EXERCISE DESCRIPTION: Exact copies of the lines below are the goal; any images in them are dropped.
---------- DATA FOR THIS TASK ----------
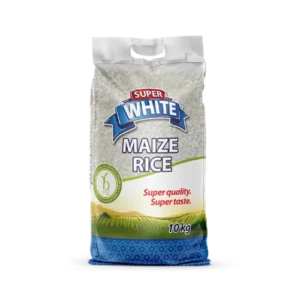 valinas-white-maize-meal-2
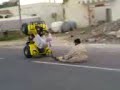 مقاطع مضحكه اضحك معنا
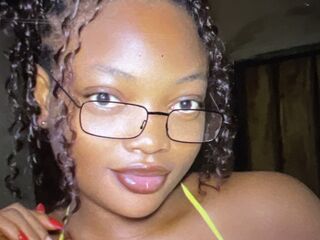 free hardcore cam MakyDina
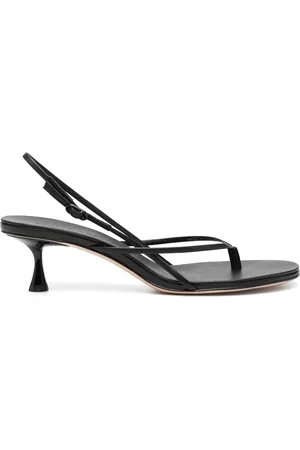 Studio Amelia Wishbone 60mm thong
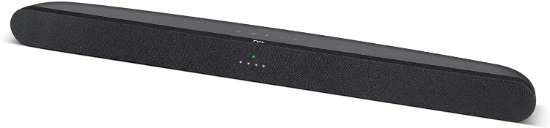 soundbar TCL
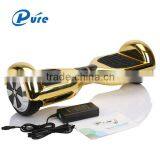 Scooter Charger US UK AU EU Plug 42v 2a 2 Wheel Self Balance Scooter Charger With UL CUL CE FCC CB Power Supply Made in China thumbnail-1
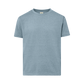 Youth Buddy Tee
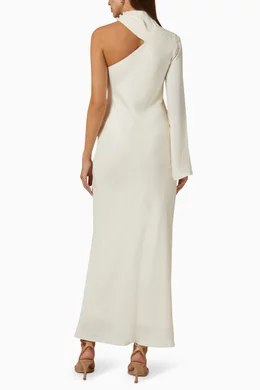 short retro wedding dresses Retro Modest 50s 60s Short Tea Length Dress DV1045 Size 14 / Champagne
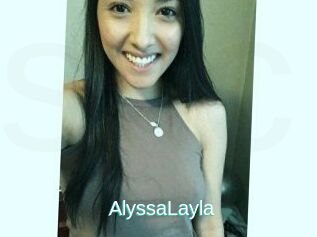 Alyssa_Layla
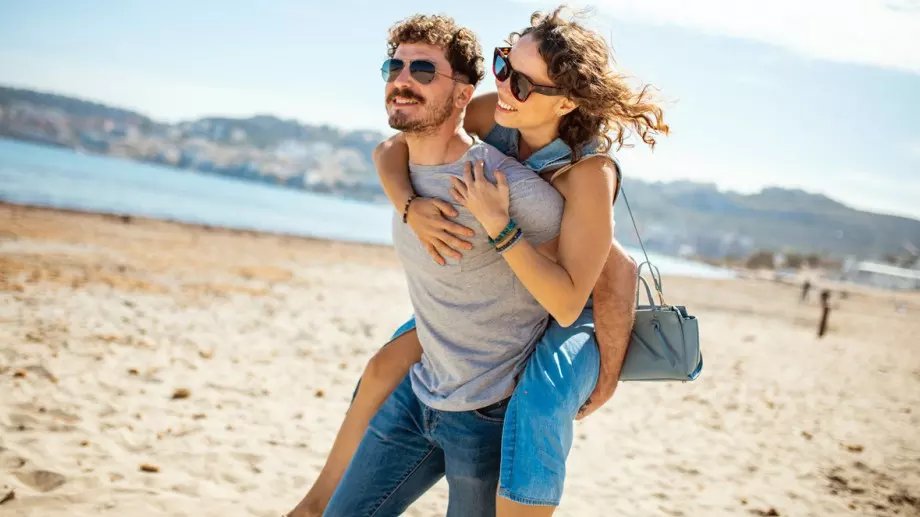 Любовен съвет за всяка зодия за 13 септември 2023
----------
SOLUTION FOR THIS PROBLEM:
 valinas-white-maize-meal-2
 مقاطع مضحكه اضحك معنا
 free hardcore cam MakyDina
 Studio Amelia Wishbone 60mm thong
 soundbar TCL
 Scooter Charger US UK AU EU Plug 42v 2a 2 Wheel Self Balance Scooter Charger With UL CUL CE FCC CB Power Supply Made in China thumbnail-1
 Youth Buddy Tee
 short retro wedding dresses Retro Modest 50s 60s Short Tea Length Dress DV1045 Size 14 / Champagne
 Alyssa_Layla
 Любовен съвет за всяка зодия за 13 септември 2023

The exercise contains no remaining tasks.